When Grief Looks Like Weak Faith
Why struggling with mental health is not a sign of failing iman, and what genuine healing looks like when faith and clinical care work together
Imam Ayman Al-Taher, RP | Registered Psychotherapist & Islamic Scholar | Al Iman Family Services
He was the kind of person other people in his community looked to. He gave talks on Fridays. He worked professionally in mental health advocacy. He was, by every visible measure, a man whose faith was solid ground for the people around him.
Four months after his mother passed away following a long illness, he sat in my office and said something close to an apology: “I don’t know what’s wrong with my iman.”
He described dragging his feet on the way to the masjid. Quran recitation that used to settle him now felt impossible to focus on. He was managing to keep up with his work, but only by staying awake after Fajr, and again after Isha, to finish what he could not complete during the day. He was, by his own account, falling behind in his deen.
He was not. He was an active, faithful man being weighed down by something he had not yet been given permission to feel: grief.
“He was not falling behind in his faith. He was a faithful man carrying a weight that grief had become when it had nowhere to go.”
The Misdiagnosis We Make on Ourselves
This is one of the most common presentations I see in clinical practice, and it carries a particular danger because of who it tends to happen to. The person experiencing it is often deeply committed to their faith, sometimes even a source of spiritual guidance for others. So when the heaviness sets in, when prayer becomes hard and remembrance feels distant, the first explanation reached for is spiritual failure.
It rarely is.
What this man described were textbook symptoms of depression rooted in complicated grief: the helplessness, the loss of ease in things that used to come naturally, the exhaustion that no amount of sleep resolves. Four months of these symptoms is a clear clinical signal, not a phase to push through quietly.
He was pushing through quietly for a reason. He saw himself as the one holding the family together: for his younger siblings, for his father, for his wife. Strength, to him, meant never visibly breaking. So he never let himself mourn. He postponed his own grief to steady everyone else’s world. What looked from the outside like spiritual decline was a man who had simply never been given the space to grieve his own mother.
What the Healing Process Actually Looked Like
There is no single intervention for this kind of grief. What helped was three things, working together.
1. A Room Without Judgment
Most of the first session, he spoke and I listened. People carrying this kind of weight rarely need to be told what to do first. They need a space where they can lower their guard completely, where nothing they say will be judged, and where they are not managing anyone else’s reaction while they speak. By the end of that first conversation, he described genuine relief, the kind that comes from finally making sense of what had felt senseless.

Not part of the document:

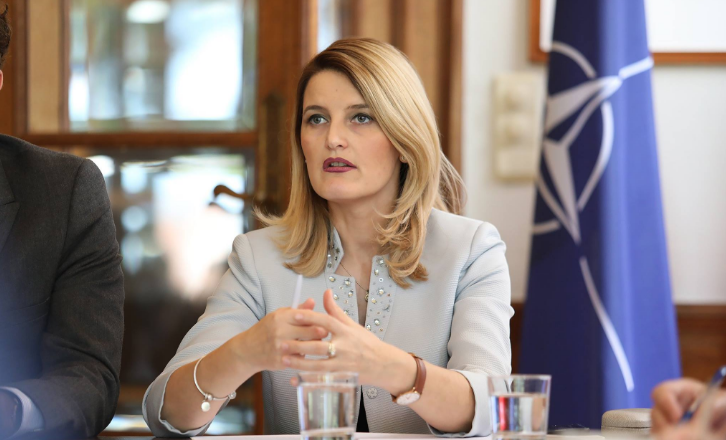 “Serbia s’mund të hyjë në BE, pa e njohur Kosovën”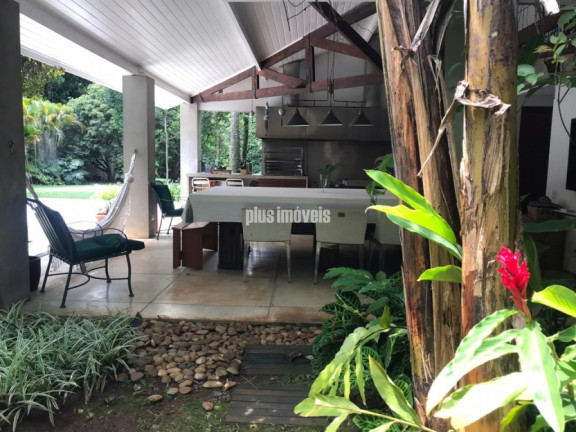 Imagem Casa com 3 Quartos para Alugar, 539 m² em Morumbi - São Paulo Imagem Casa com 3 Quartos para Alugar, 539 m² em Morumbi - São Paulo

2. The Body, Not Just the Mind
He had stopped going to the gym entirely since his mother’s illness. This is consistently underestimated in conversations about grief and mental health. Physical movement regulates mood at a neurochemical level. In his case it carried additional urgency: his doctor had flagged weight gain and rising blood sugar, with a family history of diabetes. Grief was not only sitting in his heart. It had settled into his body, and his body needed tending too.

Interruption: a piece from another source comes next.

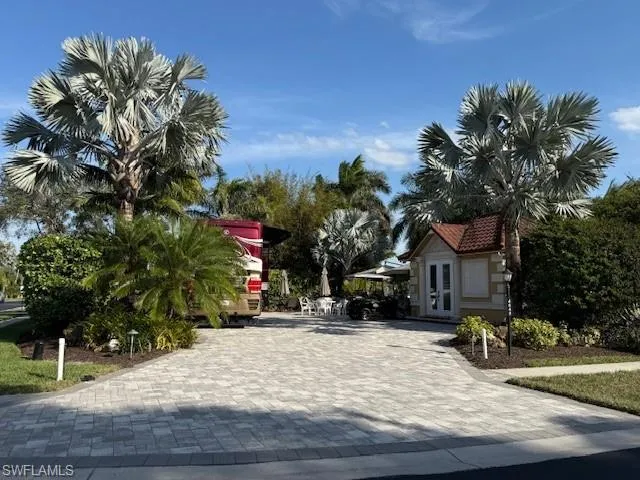 $699,000 | 4840 Carriage Court, Naples, FL 34114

3. Returning to Prayer as a Tool, Not a Test
We worked on translating the heaviness holding him back from worship into something he could bring directly to Allah, rather than something he used to measure his spiritual worth against. Salah bi khushu’, mindful and present prayer, is one of the most effective therapeutic tools I use with clients navigating grief, anxiety, and depression. Prayer stopped being the place he was failing and became the place he could finally set the weight down.
The Marriage That Made Recovery Possible
One detail in this case matters as much as the clinical interventions: he had a wife who stood with him through his mother’s illness and through the months that followed. She was the one who encouraged him to seek professional help.

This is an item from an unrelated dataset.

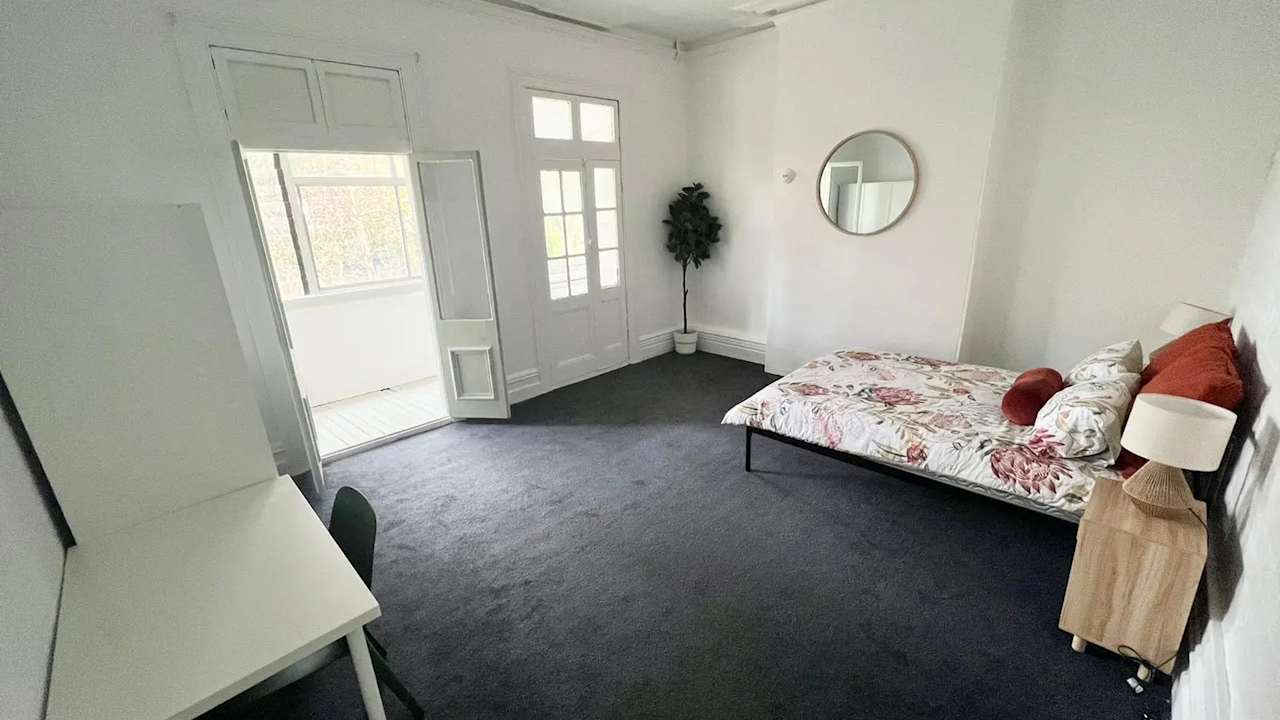 Room in a share house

That kind of marriage, one that holds a person through their worst season, is one of the strongest protective factors in mental health recovery. It is not something that appears automatically in a crisis. It is built over years of tending the relationship before the crisis arrives.
I raise this because I also see the other side of it regularly. People who have spent years being harmful to their spouse, controlling, humiliating, cutting them off from their own family, and then cannot understand why their spouse cannot show up for them when they are struggling. You cannot withdraw from someone year after year and expect an unlimited reserve of support to be waiting on the other side. A marriage that holds you in a crisis is a marriage that was honored long before the crisis came.
“A marriage that will hold you in a crisis is a marriage that was tended long before the crisis arrived.”
The Perception That Does the Most Damage
There is a belief in our community that is, without exaggeration, one of the most harmful ideas in circulation: that struggling with your mental health is a sign of weak faith.
It is almost the exact reverse of what actually happens.
People do not become mentally unwell because their iman is weak. Their iman weakens as a result of mental health struggles that were never addressed. The depression, the grief, the anxiety came first. The distance from Allah is a symptom of that, not its cause.
When we treat the actual root cause, we are not choosing therapy over the deen. We are clearing the obstruction so the deen can do what it was always designed to do: hold a person, ground them, and become one of the most powerful sources of healing available to them. Salah, dhikr, tawakkul, the relationship with Allah, these are not in competition with clinical care. They are among its most powerful partners, when they are allowed to work together.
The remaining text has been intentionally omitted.